Density functional theory calculations are used to study the effect of several metal dopants (M = Ag, Cd, Co, Cu, Fe, Ni, Pt, Sc, Ti, and Zn) and metal–boron co-dopants on the structure and catalytic property of g-C₃N₄ 2D monolayer. Using transition metals and boron (TM–B) as co-dopants not only keeps the 2D structure stability of g-C₃N₄ monolayer, but also alters the catalytic performance of the structures.
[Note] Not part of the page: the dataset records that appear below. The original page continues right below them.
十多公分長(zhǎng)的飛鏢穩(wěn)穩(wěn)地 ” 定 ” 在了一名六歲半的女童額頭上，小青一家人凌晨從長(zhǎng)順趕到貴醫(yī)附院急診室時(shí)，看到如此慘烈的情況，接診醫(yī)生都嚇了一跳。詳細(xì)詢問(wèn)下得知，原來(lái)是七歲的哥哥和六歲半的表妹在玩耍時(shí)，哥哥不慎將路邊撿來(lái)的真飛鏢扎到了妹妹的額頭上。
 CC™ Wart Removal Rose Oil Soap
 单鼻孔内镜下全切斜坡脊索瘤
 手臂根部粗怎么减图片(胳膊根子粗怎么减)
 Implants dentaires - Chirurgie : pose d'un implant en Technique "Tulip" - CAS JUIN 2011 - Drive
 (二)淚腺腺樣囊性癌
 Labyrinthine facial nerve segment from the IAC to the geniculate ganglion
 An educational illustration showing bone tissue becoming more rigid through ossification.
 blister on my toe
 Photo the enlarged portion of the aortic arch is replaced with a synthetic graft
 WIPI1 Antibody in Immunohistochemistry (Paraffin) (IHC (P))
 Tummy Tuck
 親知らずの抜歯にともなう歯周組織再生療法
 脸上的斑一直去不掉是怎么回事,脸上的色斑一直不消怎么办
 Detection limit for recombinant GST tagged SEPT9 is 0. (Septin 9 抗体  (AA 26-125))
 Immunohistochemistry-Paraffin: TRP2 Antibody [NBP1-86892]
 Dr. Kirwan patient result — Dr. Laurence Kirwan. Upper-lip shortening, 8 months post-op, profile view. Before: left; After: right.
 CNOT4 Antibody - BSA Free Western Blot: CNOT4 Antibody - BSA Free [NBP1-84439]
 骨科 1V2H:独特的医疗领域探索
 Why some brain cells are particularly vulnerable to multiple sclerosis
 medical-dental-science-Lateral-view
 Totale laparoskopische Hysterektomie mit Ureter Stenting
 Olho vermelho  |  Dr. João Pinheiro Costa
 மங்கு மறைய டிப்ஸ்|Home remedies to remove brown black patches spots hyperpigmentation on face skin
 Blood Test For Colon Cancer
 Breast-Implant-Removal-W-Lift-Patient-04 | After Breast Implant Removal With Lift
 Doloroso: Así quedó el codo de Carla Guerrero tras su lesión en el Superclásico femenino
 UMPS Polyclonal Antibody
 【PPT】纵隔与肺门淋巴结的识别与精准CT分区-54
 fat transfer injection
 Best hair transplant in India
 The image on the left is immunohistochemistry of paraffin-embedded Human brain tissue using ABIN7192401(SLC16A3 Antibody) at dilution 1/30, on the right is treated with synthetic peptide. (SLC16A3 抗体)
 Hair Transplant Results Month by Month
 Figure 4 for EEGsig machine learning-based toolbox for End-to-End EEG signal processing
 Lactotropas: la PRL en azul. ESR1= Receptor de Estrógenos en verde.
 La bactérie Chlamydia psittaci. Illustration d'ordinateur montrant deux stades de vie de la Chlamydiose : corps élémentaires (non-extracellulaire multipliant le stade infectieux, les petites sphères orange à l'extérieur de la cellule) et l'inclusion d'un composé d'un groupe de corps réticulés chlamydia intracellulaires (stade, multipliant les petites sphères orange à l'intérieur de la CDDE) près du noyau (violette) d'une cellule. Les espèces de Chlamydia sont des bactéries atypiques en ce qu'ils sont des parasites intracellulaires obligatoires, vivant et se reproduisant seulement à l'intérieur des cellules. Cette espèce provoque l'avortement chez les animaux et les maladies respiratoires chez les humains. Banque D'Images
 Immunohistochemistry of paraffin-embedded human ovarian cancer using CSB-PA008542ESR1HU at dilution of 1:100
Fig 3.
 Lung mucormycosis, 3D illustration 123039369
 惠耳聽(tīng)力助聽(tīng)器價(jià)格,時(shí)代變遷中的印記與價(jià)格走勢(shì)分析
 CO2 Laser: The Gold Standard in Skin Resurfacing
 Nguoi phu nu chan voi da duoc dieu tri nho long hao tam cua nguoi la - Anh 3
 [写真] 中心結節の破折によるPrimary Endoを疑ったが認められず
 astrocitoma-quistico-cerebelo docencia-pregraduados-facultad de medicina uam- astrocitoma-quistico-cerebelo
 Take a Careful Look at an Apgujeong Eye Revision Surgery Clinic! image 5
The co-doping of B in TM (TM = Pt, Zn, Cd, Ti, and Sc)-doped g-C₃N₄ leads to a significant increase in the hydrogen adsorption energy because hydrogen binding site changes from N to C. For TM–B (TM = Fe, Co, and Ni) co-doped g-C₃N₄, the hydrogen adsorption energy has no obvious change since the hydrogen binding site remains on C atom near the doped TM. However, the co-doping of B in TM- (TM = Cu and Ag) doped g-C₃N₄ leads to a significant reduction of hydrogen adsorption energy, making them good candidates for hydrogen evolution reaction. This study provides theoretical guidance for the experimental synthesis of TM–B co-doped g-C₃N₄ and paves a way for the design of a widely applicable non-noble catalyst.